While reporters sift through every aspect of the life of accused killer Jared Lee Loughner in search of his motivation for shooting Arizona congresswoman Gabrielle Giffords in the head and slaughtering random innocents, including a 9-year-old girl, some in Hollywood have already assigned blame to Fox News, Glenn Beck, Sarah Palin and Bill O'Reilly.
On Monday, though, they and their supporters began to fight back against the assertions that have come from the likes of Jane Fonda, Michael Moore and others.
Many opponents of the political right seized on Palin's online map that put certain districts in crosshairs indicating that Republicans should target their representatives for defeat in the elections two months ago.
Fonda said on her blog the day of the shooting -- before much was known about Loughner -- that she was "sure" that Giffords was shot by "right wing fanatics who have been repeatedly harassing and threatening Giffords, egged on by Sarah Palin and Glen (sic) Beck and Tea Party members."
She reiterated those sentiments later in several tweets.
"When Palin put crosshairs on a map w/Rep. Giffords & 19 other Dem congressmen/women, she urged followers to 'reload' & 'aim' for Democrats," tweeted Moore, the filmmaker known for his left-wing documentaries.
"This now deleted image from Sarah Palin (sic) website will be reason this terrible shooting has huge political ramifications," CNN's Piers Morgan tweeted, linking to an image of the crosshairs map.
"Congresswoman in AZ, who is ON Sarah Palin's crosshairs map was SHOT in the head 2day. Happy now Sarah?" tweeted actress-comedienne-commentator Kathy Griffin.
On his MSNBC show, Keith Olbermann said Beck and O'Reilly should apologize on air for inspiring the killer and, if they don't, their sponsors should repudiate them and President Obama should consider canceling an interview scheduled on Fox with O'Reilly on Super Bowl Sunday.

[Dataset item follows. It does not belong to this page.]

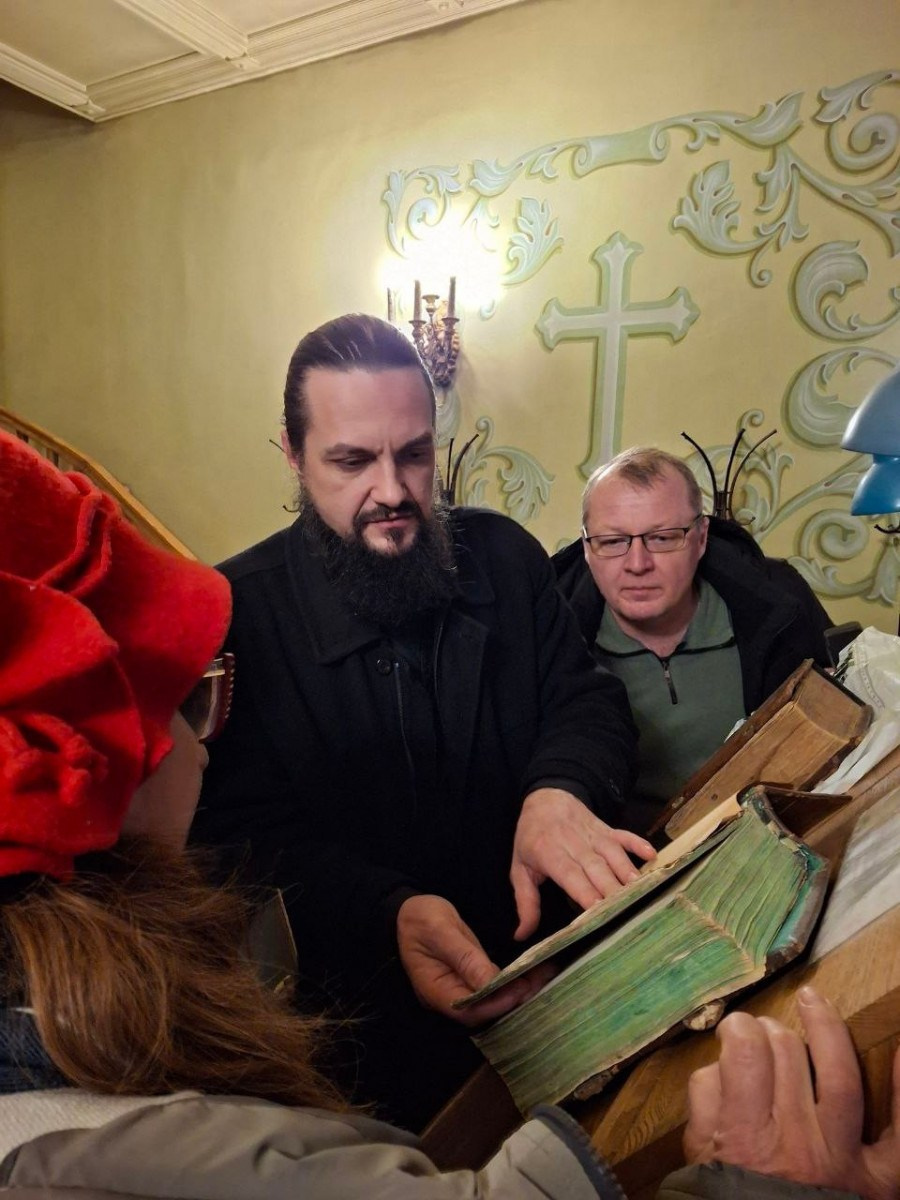 Северное благочиние Саратовской епархии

Fox News head Roger Ailes chose an unusual venue to defend against the critics who claimed his network's star talent were inciting murder, telling Russell Simmons on the hip-hop mogul's GlobalGrind.com website that "it's just a bullshit way to use the death of a little girl to get Fox News in an argument."

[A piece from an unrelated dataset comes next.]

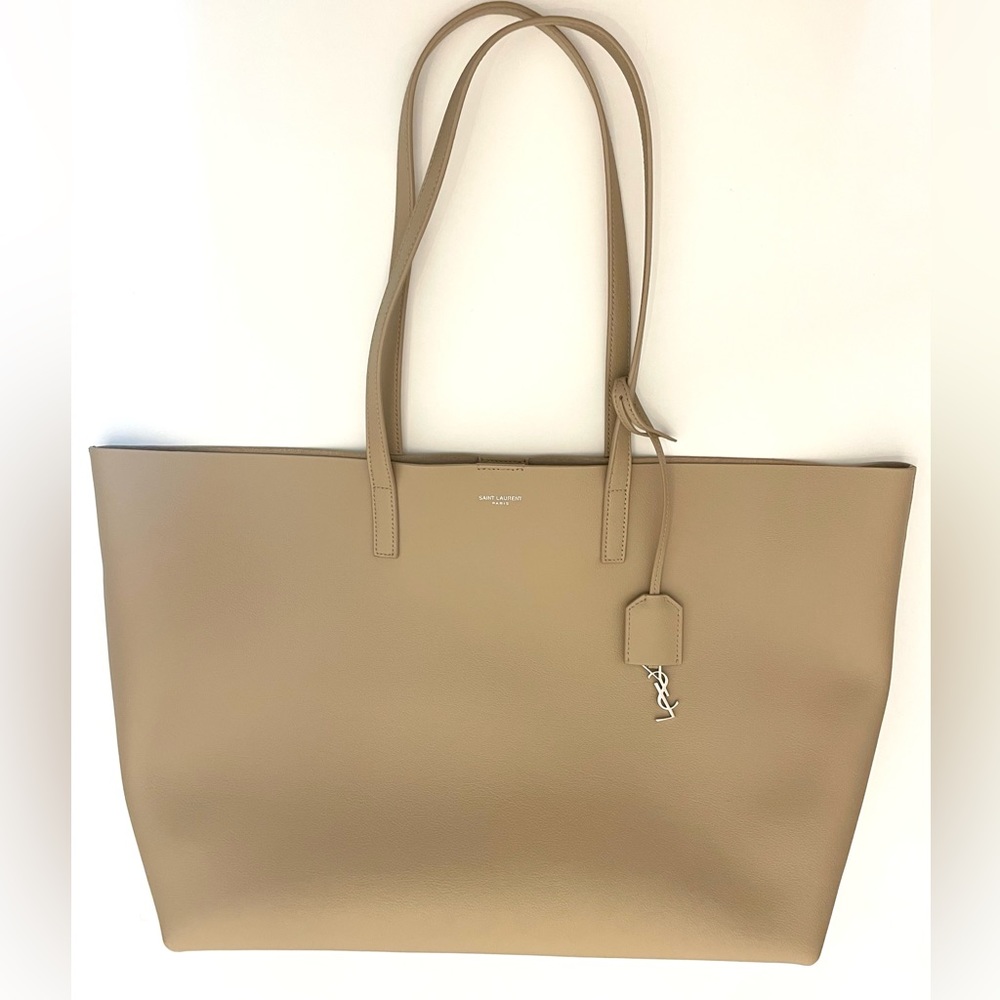 Saint Laurent Medium East-West Shopping Tote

He noted that maps with images of targets on them are often used in politics, including one from the Democrats in 2007 that contained "targets on it for the Palin district." Nevertheless, Ailes said he advised personalities on Fox News to tread lightly.
"I told all of our guys, shut up, tone it down, make your argument intellectually," he told Simmons. "You don't have to do it with bombast."